实在是不喜欢这样的三月,没有任何盎然向上的迹象,兀自平庸。让人看着着急,却也莫可奈何。站在江南这烟雨绵绝的三月尾部,昂首望天,6点多的天气,与深冬已然无异,心底衍生出一股莫句的焦燥。像聆听着一首深邃而古老的歌曲,或许可以启发诗人的灵感,进而思索起人生浩淼浮光繁华后的隐秘关联,但更多的却是引来像我般平庸之辈的反感。故事深刻又怎样?我此刻只想倾听单纯的自然之音。我讨厌这种行走在江南三月的街头却饱经风霜、严寒持续、冷冽依旧的如同深冬的寒暄。空泛而虚伪,与自然相违。深刻的讨厌。这种感觉就像同桌吃饭时对面人衣服上粘的米粒,一副无辜无害的表情,搁那,别人似无所觉,可你发现了,便坐立难安,言语间、抬眸处视线总不经然的“相遇”,思维若有似无的被它牵引。似乎那饭粒并不是粘在对方的衣服上,而是粘在了你的心上。赤红赤红的一颗心上那么显眼的一粒,白白的、饱满的,不轻不重、不痛不痒,但你却只想找个扫帚直戳心脏,狠狠扫出……
以前的江南,也是这般阴雨绵绵、旖旎缱绻,逶迤风光,千百年为人所颂。时至今日,再看,失了春意的江南,如同一具干瘪的空壳,早已蜕去了当年曼妙的身姿及鲜活的灵感,空洞、丑陋隐隐透着腐烂的恶臭。千年精灵也终沦落为千年干尸,再不复昔日风采。
有人说:幸福的人都沉默。百思不得其解,问一友人,对方淡然自若地答:因为幸福从不比较,若与人相比,只会觉得自己处境悲凉。——梁文道《常识》
我想了想,幸福的人之所以沉默,当是因其内心安宁、平和饱满,没有多余的话要说,生活安然才致的言语淡漠。但凡高声嘶嚎生活沙尘迭起者多是因其内心欲念过重,风沙迷眼,浮华乱心,需求与得到无法达成平衡而已。所谓诗人,不过是生活嗟磨下的受难者罢了。

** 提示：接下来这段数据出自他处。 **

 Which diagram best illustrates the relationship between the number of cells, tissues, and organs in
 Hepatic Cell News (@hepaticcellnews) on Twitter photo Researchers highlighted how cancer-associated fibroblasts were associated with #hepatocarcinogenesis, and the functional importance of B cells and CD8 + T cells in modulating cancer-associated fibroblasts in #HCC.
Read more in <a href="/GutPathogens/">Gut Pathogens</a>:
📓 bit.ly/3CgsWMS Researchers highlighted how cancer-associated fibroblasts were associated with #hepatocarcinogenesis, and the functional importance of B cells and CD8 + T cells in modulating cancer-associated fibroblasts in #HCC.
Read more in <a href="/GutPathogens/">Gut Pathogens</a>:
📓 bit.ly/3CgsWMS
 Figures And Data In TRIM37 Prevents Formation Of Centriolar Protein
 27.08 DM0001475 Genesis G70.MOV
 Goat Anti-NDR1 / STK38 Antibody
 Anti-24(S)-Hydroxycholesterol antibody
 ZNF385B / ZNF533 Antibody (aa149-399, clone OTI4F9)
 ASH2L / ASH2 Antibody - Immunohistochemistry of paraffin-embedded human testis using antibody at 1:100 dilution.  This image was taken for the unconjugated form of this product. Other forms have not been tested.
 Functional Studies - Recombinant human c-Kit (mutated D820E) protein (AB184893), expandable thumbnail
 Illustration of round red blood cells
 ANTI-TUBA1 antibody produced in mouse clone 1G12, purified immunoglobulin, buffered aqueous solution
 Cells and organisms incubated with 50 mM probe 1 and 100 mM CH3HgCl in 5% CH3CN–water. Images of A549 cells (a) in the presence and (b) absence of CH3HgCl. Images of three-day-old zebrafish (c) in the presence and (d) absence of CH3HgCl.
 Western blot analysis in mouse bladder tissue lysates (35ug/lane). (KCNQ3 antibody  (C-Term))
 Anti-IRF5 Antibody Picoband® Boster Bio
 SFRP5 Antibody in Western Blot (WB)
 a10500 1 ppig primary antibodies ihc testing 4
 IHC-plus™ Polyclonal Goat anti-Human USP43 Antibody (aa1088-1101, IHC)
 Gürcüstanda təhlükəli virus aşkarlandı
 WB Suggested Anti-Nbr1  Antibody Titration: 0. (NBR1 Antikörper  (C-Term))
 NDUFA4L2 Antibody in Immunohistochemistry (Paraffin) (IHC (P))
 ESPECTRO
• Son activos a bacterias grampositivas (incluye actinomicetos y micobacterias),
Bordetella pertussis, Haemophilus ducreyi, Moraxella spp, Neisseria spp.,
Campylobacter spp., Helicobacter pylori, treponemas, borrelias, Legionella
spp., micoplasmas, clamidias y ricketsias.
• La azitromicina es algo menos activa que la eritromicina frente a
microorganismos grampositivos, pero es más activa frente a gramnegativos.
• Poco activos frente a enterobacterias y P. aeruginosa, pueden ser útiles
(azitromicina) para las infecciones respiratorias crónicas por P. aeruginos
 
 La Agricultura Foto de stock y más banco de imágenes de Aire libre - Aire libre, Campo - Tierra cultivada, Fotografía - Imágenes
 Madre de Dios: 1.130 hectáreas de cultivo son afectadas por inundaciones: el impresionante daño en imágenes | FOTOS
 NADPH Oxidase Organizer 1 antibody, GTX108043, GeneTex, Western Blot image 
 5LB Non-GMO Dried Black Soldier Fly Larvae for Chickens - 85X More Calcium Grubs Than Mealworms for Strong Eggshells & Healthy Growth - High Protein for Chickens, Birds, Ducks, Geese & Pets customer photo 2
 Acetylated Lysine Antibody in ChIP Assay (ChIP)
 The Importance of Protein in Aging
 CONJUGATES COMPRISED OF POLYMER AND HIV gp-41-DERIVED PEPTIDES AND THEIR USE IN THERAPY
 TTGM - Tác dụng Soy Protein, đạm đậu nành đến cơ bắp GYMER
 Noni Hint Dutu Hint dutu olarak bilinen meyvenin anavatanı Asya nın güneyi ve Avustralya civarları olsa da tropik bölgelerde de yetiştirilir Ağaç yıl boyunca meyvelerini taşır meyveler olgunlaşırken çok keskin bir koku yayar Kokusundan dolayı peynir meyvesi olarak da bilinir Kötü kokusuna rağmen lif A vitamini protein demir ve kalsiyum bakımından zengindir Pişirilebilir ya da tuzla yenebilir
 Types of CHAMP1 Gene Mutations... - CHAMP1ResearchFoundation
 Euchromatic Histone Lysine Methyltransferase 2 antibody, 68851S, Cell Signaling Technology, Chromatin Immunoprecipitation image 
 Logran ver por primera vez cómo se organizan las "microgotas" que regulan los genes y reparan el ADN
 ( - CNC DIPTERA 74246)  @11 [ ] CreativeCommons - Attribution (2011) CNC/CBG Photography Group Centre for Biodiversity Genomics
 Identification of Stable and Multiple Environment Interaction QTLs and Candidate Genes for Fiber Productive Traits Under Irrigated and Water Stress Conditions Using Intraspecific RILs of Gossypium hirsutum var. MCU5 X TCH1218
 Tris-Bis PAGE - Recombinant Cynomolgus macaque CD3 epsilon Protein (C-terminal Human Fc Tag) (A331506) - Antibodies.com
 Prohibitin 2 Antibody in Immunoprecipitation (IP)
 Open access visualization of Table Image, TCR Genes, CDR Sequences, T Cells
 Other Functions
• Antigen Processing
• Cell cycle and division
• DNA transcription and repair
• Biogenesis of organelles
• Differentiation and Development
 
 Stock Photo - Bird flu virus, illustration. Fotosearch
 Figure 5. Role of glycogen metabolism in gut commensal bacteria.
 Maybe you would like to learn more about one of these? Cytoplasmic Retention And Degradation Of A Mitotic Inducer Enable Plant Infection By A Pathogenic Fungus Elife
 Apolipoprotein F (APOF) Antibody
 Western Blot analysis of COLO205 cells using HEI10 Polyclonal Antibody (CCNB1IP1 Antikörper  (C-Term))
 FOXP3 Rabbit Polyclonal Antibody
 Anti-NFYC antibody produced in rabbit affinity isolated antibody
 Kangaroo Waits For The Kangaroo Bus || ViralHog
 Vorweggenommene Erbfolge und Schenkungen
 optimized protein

生活动荡曲折、内心纤细敏弱,于是感喟良多,不经然言语出口比一般生活平淡者多了些深刻与沉重。在我看来,触觉敏锐、内心清醒、头脑昏胀当是所有写作者的共性。郑板桥说难得糊涂,真是至理,洞察世事的智者之语。越简单越快乐,如果你还希冀着幸福,那就尽量神经大条些,生活粗糙,让那些遍布全身所有脉络的神经网,越粗越好,那样才可以让尘世中更多的忧愁与烦恼轻易地从那些漏洞中遛身而过,而不是困身其中、缚锁身心……
生活时而匆忙时而清闲,忙时恨分身乏术,闲时叹浮生若梦却无一我心之幻境。像《我可能不会爱你》里的程又青一样,我也开始逐渐适应并喜欢现在这个已不再称之为年轻的自己了。对镜自照,依然保持微笑,青春里那些鲜活的气息正渐行渐远……衰老是件恐怖而沉重的事情,但凡有认知的人都对其心生畏惧。但正因为内心清醒,明白就如同机缘巧合、因果轮回般玄妙而自然,所以反而坦然,不再刻意抗拒、抵斥。于是生活任凭如何高低迂回也无甚障碍,坦然接纳这浩瀚苍生赐予我的一切悲喜或无常。猝然降临,安然接受。努力将它们视作我生命中的一部分,不再试图对抗,那些冗重而无谓的挣扎曾经像山一样压在赤红心脏上的负担,轻轻地、悄然地,消散。安享无垠人生所赋予我的一切,悲苦喜乐、聚散离合。不憎、不恶、不骄、不燥,沿着日月升伏的形迹缓缓行去。抛却时光、年轮、岁月的枷锁轻装前进……
城市里,尘屑叫嚣,浮光乱影,觥筹交错,最容易让人迷失,看不明则分不清。思想亦然。在我的概念里,倘或一个人擅长深思,则必定存有几分呆憨,只因沉思即发呆、发呆即沉思,不呆上一会,如何能静下心来思考呢?!于是,隔些日月,挑上一个阳光上好的时段,将过往思想搬出晾晒、洗涤、过滤、筛选直至清空,唯有清空方能呈现一览无余的清明灿烂,以防某些带有细菌的晦暗因子滋生繁衍、荼毒啃噬……
有些文字像美酒,任人品评、耐人寻味,色泽光鲜,引人遐想,酣畅至醉;而有些文字似苍蝇小强,丑陋、无聊,却不得不登台亮相,因为,需要清除。